FIG. 6 shows a state machine for implementing generalization of a protocol, which can be added using the supplementary data stream. This is just one example and may be expanded to numerous different protocols.


The protocol is defined by a state machine 600 that propagates with events and handshake messages between the 2 link partners. The first state 602, includes initial predefined patterns for link establishment. After both sides have established the link, the state machine moves to a frame alignment/synchronization state 604. After this is achieved, we can start with communicating the desired protocol over LSP between the two sides, as depicted by exchange LSP protocol data state 606.


Under another example use case of the supplementary data, the supplementary data is used to expand the payload throughput by 1/40.



FIG. 7 shows a flow diagram 700 illustrating the flow of preparation of the supplementary data in a case where the LSP is used for error correction, according to one embodiment. In a block 702, payload data is added to a payload data block or payload data message block. In a block 704, the RS parity symbols (single-level or 2-level nested) block is computed and prepared to be added to the supplementary data stream. As shown in block 706, the supplementary data for the block is now ready to be added to the transmitter output to be conveyed in parallel with the payload data block. When LSP conveys a FEC, some latency may be added if a block code is selected, since computation of the parity symbols requires observation of an entire payload data block.

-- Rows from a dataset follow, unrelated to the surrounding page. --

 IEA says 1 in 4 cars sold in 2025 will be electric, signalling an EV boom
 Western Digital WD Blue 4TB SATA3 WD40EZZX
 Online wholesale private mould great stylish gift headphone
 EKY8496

FIG. 8 shows a system 800 including a transmitter 802 that transmits a sequence of 32-QAM constellations and shifted 32-QAM constellations to a receiver 804, where transmitter 802 and receiver 804 are operated as link partners. Transmitter 802 includes circuitry for implementing transmitter-side aspects of the LSP and includes embedded logic for implementing the operations and logic of flowchart 300 shown in FIG. 3 and discussed above. Receiver 804 includes circuitry for implementing receiver-side aspects of the LSP and includes embedded logic for implementing the operations and logic of flowchart 400 shown in FIG. 4 and discussed above. In practice, system 800 may include a pair of transceivers operating as link partner, with each transceiver including a transmitter 802 and a receiver 804.


Transmitter 802 includes an input for receiving a payload data stream 806. Transmitter 802 may also include an input for receiving supplementary data 808 (optional) and/or may generate supplementary data 808 as a function of data in payload data stream 806, such as one level or nested two level error protection codes described above.

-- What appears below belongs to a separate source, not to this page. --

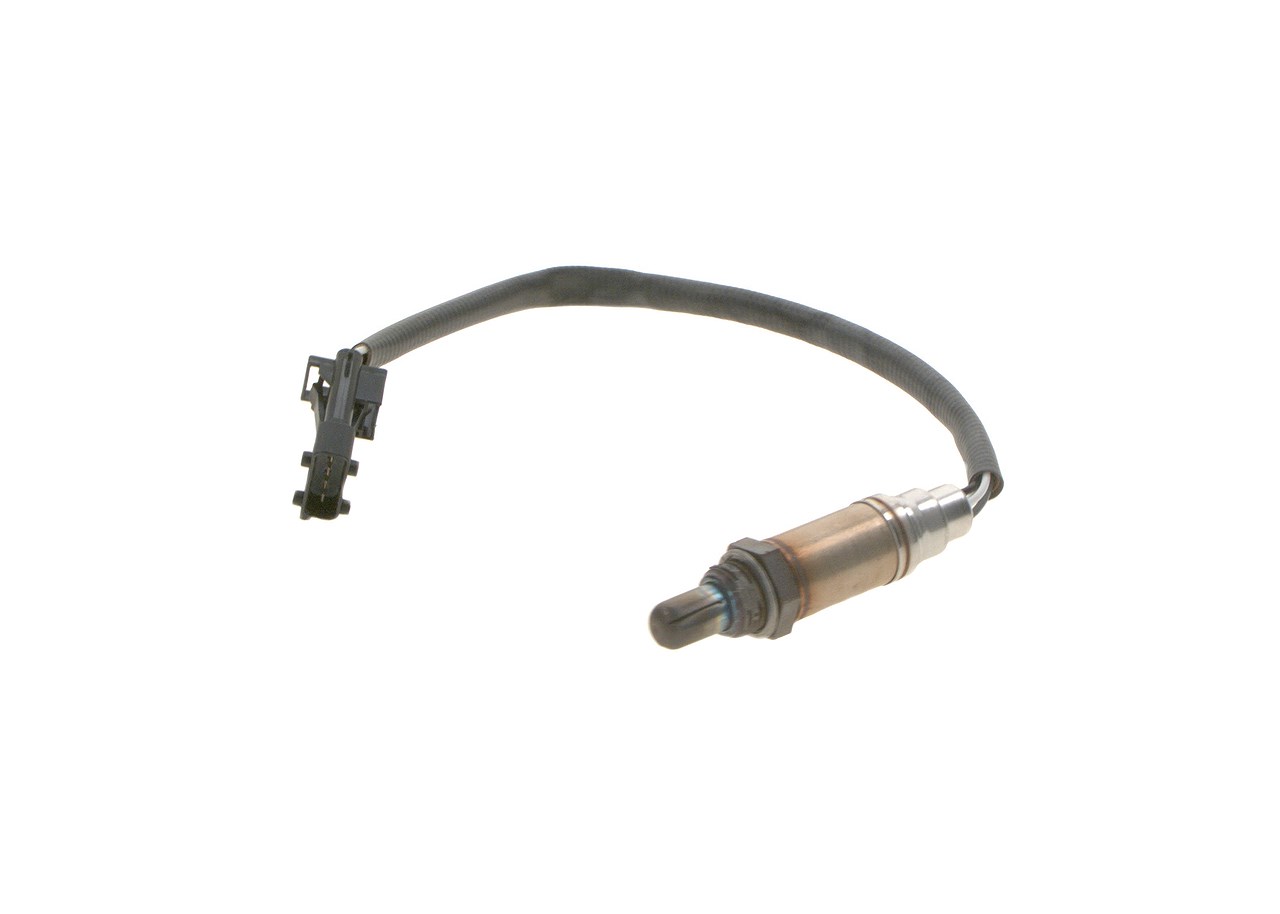 Bosch Lambdasonde [Hersteller-Nr. 0258003716] für Peugeot, Citroën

As transmitter 802 receives blocks of payload data in payload data stream 806, it implements the operations and logic of flowchart 300 and outputs the sequence of 32-QAM and shifted 32-QAM constellations 810, 812, 814, 816, 818, 820, 822, 824, 826, and 828. As used herein, a 32-QAM constellation does not have any shifted constellation points. For example, constellation 816 is a 32-QAM constellation. A shifted 32-QAM constellation includes one or more shifted constellation points. Thus, each of constellations 810, 812, 814, 818, 820, 822, 824, 826, and 828 is a shifted 32-QAM constellation. In this example, the sequence of supplementary data bits is 1001, 1100, 0001, 0000, 1100, 0110, 0101, 1001, 1111, and 0001 for respective constellations 810, 812, 814, 816, 818, 820, 822, 824, 826, and 828.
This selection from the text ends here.